The exterior of Madonna and Norb Niemeier’s house located north of Evansville near Darmstadt does not immediately allude to an overly unique home. One step inside, however, pulls guests into a quaint cottage that feels as if it has been lifted from the French countryside.
Madonna and Norb have built many houses together during their 49 years of marriage. The property in northwest Vanderburgh County where many of their homes have been located was first purchased by Madonna’s father Butch Raben in the early 1970s; the Niemeiers would start building their first home later that decade.
“We’ve built several houses and we’d just thought we’d do one last one to retire in,” says Norb. “Hopefully this will be our last.”
“We’ve built seven houses back here and five more not in this area,” adds Madonna. “We’ve always enjoyed construction.”
The decision to build a home reminiscent of a French Country cottage would come about when the couple decided it was time to downsize their living space. With their two children Matt and Erin raising families of their own, the Niemeiers looked for something smaller to fit their lifestyle.
“We thought about moving either into a condo or something Downtown, and we just couldn’t get there,” says Madonna. “We couldn’t get our heads wrapped around it.”
So Madonna — who’s worked as an interior designer for 30 years at her store Gallagher Niemeier Interiors — did what she does best; she started researching.
“I’m a designer; I love all kinds of construction and different styles,” she says. “But I always wanted to build a French Country cottage. I just started working on my perception of one after researching.”
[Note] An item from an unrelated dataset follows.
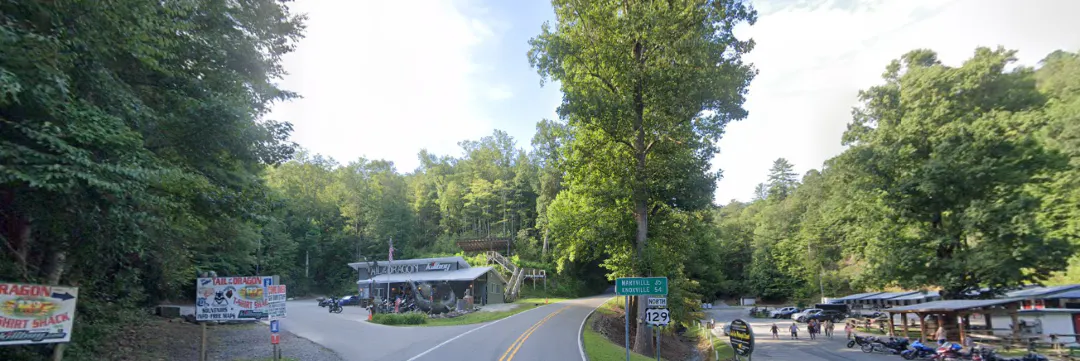 Imagen de una intersección frente al Tail of the Dragon deals gap motorcycle resort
Madonna says she drew much of her inspiration from French Country designer Charles Faudree. Many of Faudree’s books are displayed on tables in her living area. It was through these books she studied Faudree’s design details and constructed her own ideas.
“This is just what’s comfortable for us,” says Madonna.
Construction on the 4,800-square-foot cottage began in 2014 with Joe Elpers, Joe Elpers Building and Remodeling, and his crew taking lead on the project. Work would last a year, with the Niemeiers moving in two weeks before Thanksgiving in 2015. Entering the home through a wooden door that sets a rustic, French Country scene, guests are greeted with a cozy foyer with an arched entryway leading into the great room and kitchen. The ceiling is accented with beams, and various paintings dot the spaces on the walls along with an occasional decorative oyster plate. The room also features cabinets displaying many of the unique oyster plates Madonna owns.
“I’ve collected them for years,” she says of the serving pieces. “When we would travel and be in antique stores, I would see them and be intrigued by all the different details.”
The living space is open and inviting, perfect for the gatherings of friends and family the Niemeiers host. It features many comfortable chairs for sitting, ornate rugs on the wood floors, a grand piano, and two dining tables — one large rectangle Karges piece in the living area and a round table that sits off of the kitchen.
“This is definitely a home to accommodate a lot of people without having a lot of people living here,” says Madonna.
The furnishings of the home are not new, but have been a part of the Niemeiers’ homes for many years; according to Madonna, much of her design for the cottage was centered around her furniture.
“Through the years I’ve bought a lot of furniture,” she says. “I don’t get tired of my furniture. I know you need to add fresh things, but I like age on them.”
A dark leather chair that sits in the great room in a circle of other comfortable seats and couches is a testament to the Niemeiers’ love of their pieces. The chair is 30 years old, says Madonna, and has been one of the constants in their homes along with being Norb’s favorite chair.
“I can get by with a lot as long as I keep him comfortable in his chair,” Madonna says with a chuckle.
Her choice for the walls of the bedroom of the cottage, for example, raised a few eyebrows on the construction crew. Madonna’s plans included knotty pine for the walls, a unique, light-colored wood.
“I thought she was nuts putting knotty pine on the wall,” says Norb, “but I really like it.”
The bedroom also features a large, beautifully painted armoire, which once belonged to Madonna’s mother and fits in perfectly with the French Country aesthetic. The bathroom off of the bedroom includes a large vanity, a separate shower and bath, and a fireplace. Madonna’s love of Karges Furniture slips into this area as well, with the “window” between the shower room and bathtub made from a Karges cabinet.
But one of the aspects that lends to the home’s uniqueness is the kitchen and pantry, says Madonna, which also are her favorite areas of the cottage. The kitchen is furnished with all new appliances, including a six-burner gas stove and a steam oven.
“We do a lot of baking and cooking in here,” says Madonna.
The white cabinets, made by Fehrenbacher Cabinets, Inc. of Evansville, blend well with the grey and white granite countertops. Large windows over the sink look out at the lake behind the couple’s home. The pantry lends to a traditional French Country cottage pantry, says Madonna, with plates and cups, and pots and pans stacked on two sides, and a collection of cookbooks at the back.
“Really, I love the whole home,” she says. “It isn’t the largest house we have ever built, but to me it’s the coziest and most comfortable.”